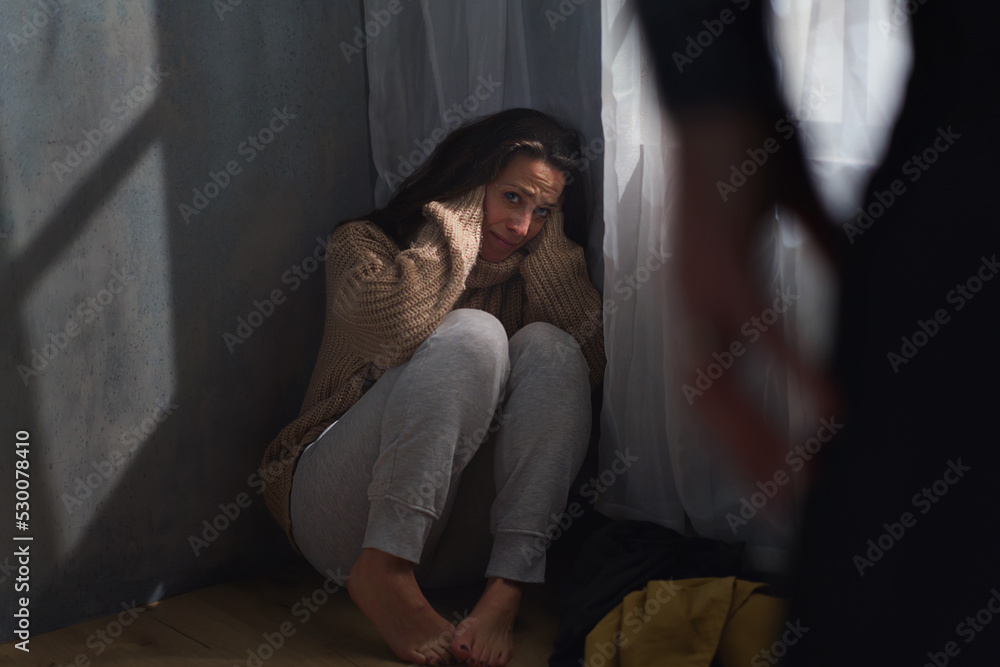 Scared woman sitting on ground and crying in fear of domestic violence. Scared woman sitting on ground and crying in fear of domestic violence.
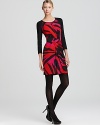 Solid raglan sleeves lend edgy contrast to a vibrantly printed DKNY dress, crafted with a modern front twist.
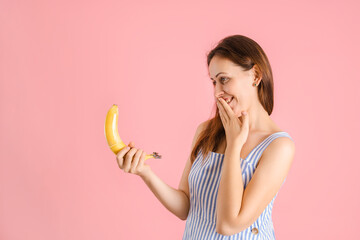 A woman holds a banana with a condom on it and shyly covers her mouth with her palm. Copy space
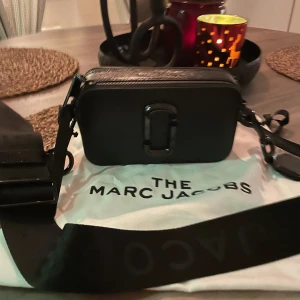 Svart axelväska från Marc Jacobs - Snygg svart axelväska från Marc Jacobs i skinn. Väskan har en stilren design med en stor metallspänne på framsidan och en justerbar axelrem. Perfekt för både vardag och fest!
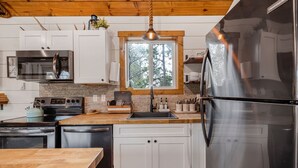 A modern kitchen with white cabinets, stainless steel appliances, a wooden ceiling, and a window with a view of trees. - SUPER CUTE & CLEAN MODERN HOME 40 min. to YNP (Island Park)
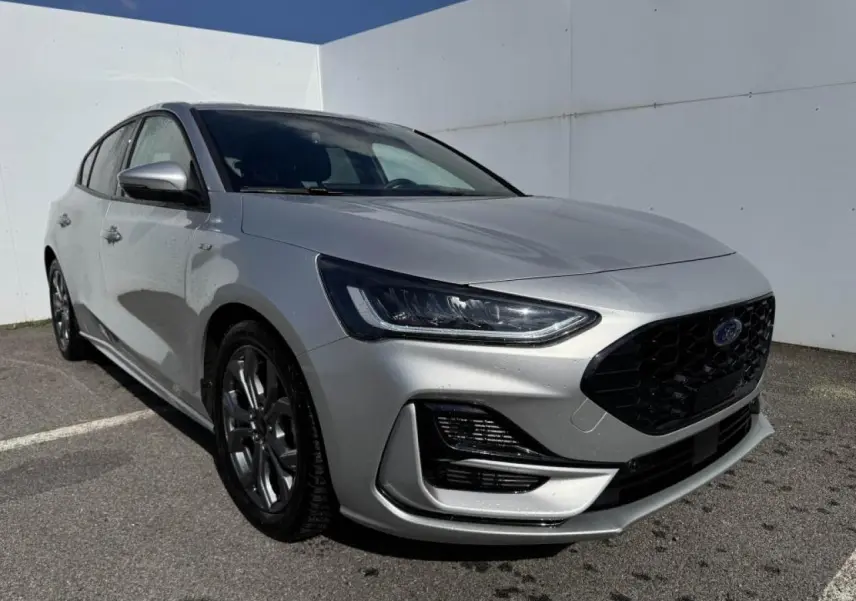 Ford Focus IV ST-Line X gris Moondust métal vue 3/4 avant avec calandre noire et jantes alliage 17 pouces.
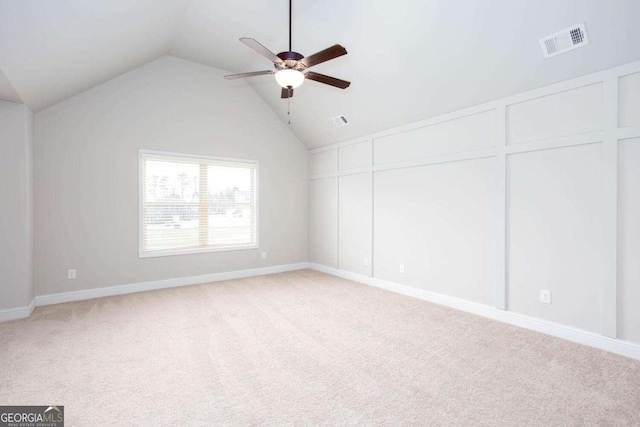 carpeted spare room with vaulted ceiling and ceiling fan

===

*Required action:*
Do not include pictures. Copy only the lines running from the line with "Ford Focus IV" through the last line of the records, exactly as they appear.

*Answer for the task:*
 Ford Focus IV ST-Line X gris Moondust métal vue 3/4 avant avec calandre noire et jantes alliage 17 pouces.
 carpeted spare room with vaulted ceiling and ceiling fan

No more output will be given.